Per esempio, credo che mai e poi mai andrebbero a cercare nelle denominazioni satellite del territorio bordolese. A Montagne-Saint-Émilion, per esempio, perché volgerebbero l’interesse solo ai grand cru classé dell’appellation principale, ammesso che non disdegnino anche quelli per dedicare la propria attenzione a Cheval Blanc o Angelus, premier grand cru classé A.

Bene, allora eccomi qui proprio con un vino dell’aoc minore di Montagne-Saint-Émilion, annata 1978. L’ho bevuto qualche giorno fa, trovandolo giovanissimo, pimpante. Certo, non aveva la fittezza dei fuoriclasse, ma ha retto il tempo con totale nonchalance, donandomi il piacere del fruttino – la melagrana, la marasca soprattutto – e di una freschezza che ne rendeva agile e spigliata la beva, tant’è che è stato perfetto compagno di un piatto (abbondante) di tortellini in brodo di cappone.

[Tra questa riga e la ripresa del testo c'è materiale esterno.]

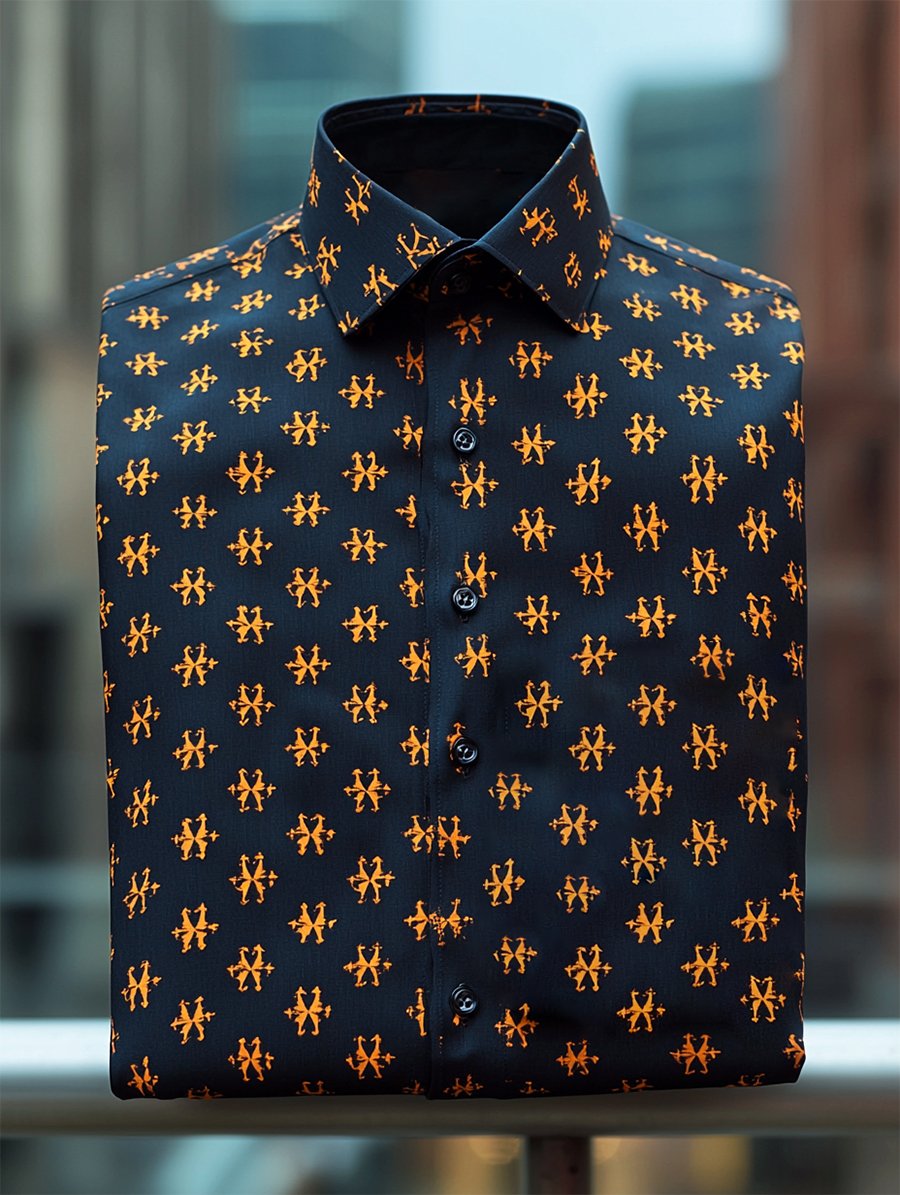 Men's Retro Casual Faith Business Long Sleeve Shirt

Il vino era quello di Château Montaiguillon, nome che penso pochi conoscano. Una di quelle realtà, tuttavia, che nella loro zona hanno sempre rappresentato, nel tempo, un punto di riferimento affidabile, e che dunque ci ha consegnato bottiglie che vale la pena di cercare, concentrandosi sulle annate buone, se non sulle eccellenti. La ’78 fu, a Saint-Émilion, una buona annata, e dunque ho messo insieme l’affidabilità del produttore e quella della vendemmia, e con due o tre decine di euro (sì, meno di trenta euro) mi sono concesso il lusso di una bottiglia di bella piacevolezza, con l’aggiunta dell’ulteriore piacere regalatomi dalla scoperta. Perché non ci sono solo le grandi etichette.

Un capolavoro? No, non un capolavoro, ma un buon vino sì, che vorrei avere ancora sulla mia tavola e nel mio calice.

Ecco, siate più avventurosi. Con giudizio.